* **WHAT TO DO**
Give back exactly the stretch of data below from the line holding "426 North Hebbard" through the line holding "Product Image 3", both ends included, and leave the remaining lines out.

* **MATERIAL FOR THIS TASK**
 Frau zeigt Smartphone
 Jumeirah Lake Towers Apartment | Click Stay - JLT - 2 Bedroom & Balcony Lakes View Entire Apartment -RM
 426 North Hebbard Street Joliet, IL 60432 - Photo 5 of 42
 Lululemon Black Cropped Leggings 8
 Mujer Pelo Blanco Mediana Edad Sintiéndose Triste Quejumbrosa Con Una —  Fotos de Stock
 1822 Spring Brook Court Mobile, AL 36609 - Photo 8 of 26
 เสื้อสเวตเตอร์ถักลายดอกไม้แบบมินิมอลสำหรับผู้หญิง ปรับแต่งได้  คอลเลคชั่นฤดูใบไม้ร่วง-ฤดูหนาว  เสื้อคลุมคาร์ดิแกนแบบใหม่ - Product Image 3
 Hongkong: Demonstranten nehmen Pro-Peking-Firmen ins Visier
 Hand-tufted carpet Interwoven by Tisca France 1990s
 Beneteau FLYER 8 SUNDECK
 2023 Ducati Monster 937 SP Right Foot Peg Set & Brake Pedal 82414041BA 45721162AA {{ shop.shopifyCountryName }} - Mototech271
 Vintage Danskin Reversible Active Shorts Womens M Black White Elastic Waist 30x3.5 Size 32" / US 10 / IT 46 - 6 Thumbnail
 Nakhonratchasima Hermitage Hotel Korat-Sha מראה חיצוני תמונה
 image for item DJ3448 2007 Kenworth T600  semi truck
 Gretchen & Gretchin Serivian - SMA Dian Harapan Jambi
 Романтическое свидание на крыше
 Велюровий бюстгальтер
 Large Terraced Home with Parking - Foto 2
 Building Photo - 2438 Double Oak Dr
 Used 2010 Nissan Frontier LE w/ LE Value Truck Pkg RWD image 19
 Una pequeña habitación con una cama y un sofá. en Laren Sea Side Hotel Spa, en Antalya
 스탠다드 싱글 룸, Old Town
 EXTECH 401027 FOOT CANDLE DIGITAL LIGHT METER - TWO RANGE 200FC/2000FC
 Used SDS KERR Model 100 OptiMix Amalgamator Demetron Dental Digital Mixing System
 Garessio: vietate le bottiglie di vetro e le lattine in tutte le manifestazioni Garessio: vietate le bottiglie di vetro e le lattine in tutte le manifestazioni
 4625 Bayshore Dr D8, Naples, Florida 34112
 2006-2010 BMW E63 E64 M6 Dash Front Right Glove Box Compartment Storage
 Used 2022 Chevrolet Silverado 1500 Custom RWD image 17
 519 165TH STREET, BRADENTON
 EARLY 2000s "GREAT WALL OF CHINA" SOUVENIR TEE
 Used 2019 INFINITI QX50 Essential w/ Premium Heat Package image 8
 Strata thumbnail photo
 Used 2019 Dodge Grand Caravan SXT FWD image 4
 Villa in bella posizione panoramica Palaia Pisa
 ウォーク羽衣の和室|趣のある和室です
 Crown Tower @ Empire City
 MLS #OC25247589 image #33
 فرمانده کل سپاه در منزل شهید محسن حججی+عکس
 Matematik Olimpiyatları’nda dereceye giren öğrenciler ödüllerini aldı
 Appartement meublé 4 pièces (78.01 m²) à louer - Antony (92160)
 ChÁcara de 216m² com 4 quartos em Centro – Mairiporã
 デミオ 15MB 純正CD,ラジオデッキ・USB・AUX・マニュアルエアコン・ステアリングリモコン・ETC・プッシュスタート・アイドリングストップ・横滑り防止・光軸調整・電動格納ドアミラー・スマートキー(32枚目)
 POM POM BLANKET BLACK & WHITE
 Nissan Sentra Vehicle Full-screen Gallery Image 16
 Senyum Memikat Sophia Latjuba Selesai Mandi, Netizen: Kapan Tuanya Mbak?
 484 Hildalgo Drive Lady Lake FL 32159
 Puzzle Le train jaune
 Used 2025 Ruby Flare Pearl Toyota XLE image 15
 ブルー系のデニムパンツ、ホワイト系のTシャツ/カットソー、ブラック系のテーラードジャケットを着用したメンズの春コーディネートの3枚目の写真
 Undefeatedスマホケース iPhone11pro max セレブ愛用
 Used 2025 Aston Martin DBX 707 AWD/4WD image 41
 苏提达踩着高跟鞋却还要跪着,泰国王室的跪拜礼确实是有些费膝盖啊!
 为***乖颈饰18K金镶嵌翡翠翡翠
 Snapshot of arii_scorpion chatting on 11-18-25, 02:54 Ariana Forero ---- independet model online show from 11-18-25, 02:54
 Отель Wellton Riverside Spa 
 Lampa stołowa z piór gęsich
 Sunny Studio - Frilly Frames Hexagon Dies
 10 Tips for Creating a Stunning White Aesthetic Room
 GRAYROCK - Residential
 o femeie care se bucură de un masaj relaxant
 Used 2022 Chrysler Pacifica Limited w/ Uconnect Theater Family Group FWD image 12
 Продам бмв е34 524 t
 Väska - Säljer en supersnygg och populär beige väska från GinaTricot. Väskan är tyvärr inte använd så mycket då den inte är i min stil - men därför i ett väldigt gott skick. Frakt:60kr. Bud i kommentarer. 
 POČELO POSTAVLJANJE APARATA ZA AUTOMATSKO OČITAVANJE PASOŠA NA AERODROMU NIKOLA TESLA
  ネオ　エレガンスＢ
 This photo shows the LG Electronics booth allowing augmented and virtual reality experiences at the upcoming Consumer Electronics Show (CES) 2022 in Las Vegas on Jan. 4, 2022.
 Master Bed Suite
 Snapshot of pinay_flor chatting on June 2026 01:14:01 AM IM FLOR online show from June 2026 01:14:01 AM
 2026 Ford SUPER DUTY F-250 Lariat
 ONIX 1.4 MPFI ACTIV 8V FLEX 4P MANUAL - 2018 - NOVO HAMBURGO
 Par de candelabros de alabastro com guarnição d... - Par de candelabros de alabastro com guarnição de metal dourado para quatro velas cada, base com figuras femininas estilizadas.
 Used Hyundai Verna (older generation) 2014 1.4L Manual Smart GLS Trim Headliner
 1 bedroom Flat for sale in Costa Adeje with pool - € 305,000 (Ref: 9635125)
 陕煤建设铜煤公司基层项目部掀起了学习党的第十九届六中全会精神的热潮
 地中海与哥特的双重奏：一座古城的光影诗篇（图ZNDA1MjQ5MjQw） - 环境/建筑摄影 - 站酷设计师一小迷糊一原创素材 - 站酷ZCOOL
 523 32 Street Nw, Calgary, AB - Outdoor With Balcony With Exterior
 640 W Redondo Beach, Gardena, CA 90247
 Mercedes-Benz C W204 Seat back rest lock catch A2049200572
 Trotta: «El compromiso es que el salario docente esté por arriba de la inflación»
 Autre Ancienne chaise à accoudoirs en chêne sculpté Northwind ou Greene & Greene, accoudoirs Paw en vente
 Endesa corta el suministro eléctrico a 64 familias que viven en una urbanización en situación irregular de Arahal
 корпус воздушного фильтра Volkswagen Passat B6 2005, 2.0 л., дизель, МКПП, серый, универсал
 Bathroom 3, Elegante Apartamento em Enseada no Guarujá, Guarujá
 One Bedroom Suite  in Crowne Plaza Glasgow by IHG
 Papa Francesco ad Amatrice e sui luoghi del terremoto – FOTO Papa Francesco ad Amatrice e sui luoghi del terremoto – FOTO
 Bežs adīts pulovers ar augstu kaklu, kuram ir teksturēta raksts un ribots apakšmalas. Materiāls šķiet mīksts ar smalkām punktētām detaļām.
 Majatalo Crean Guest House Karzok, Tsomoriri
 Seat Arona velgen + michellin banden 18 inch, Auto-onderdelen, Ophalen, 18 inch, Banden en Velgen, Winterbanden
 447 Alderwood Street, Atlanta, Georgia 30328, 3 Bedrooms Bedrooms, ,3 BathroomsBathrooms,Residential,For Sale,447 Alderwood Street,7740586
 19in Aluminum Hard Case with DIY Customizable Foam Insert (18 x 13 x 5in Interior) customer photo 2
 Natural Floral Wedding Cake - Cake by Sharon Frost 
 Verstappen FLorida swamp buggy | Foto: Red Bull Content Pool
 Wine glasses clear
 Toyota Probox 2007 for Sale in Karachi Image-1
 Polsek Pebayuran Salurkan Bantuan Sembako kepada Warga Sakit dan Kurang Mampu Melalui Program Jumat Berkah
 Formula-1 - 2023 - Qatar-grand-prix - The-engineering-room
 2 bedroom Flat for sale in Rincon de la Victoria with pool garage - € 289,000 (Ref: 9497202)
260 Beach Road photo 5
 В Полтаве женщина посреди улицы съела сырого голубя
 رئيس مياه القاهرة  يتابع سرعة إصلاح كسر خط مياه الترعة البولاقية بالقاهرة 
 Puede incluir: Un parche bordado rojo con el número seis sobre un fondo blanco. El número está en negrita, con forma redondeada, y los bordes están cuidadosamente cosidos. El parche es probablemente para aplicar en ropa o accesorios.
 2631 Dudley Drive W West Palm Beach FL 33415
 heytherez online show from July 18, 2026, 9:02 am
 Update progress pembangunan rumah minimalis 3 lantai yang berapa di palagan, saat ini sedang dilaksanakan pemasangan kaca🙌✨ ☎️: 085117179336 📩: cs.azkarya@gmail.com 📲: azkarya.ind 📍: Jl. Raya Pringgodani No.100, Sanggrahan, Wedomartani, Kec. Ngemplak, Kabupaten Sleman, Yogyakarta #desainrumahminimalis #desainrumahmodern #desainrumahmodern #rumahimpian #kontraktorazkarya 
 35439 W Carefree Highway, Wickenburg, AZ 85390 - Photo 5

* **SOLUTION TO THE EXERCISE**
 426 North Hebbard Street Joliet, IL 60432 - Photo 5 of 42
 Lululemon Black Cropped Leggings 8
 Mujer Pelo Blanco Mediana Edad Sintiéndose Triste Quejumbrosa Con Una —  Fotos de Stock
 1822 Spring Brook Court Mobile, AL 36609 - Photo 8 of 26
 เสื้อสเวตเตอร์ถักลายดอกไม้แบบมินิมอลสำหรับผู้หญิง ปรับแต่งได้  คอลเลคชั่นฤดูใบไม้ร่วง-ฤดูหนาว  เสื้อคลุมคาร์ดิแกนแบบใหม่ - Product Image 3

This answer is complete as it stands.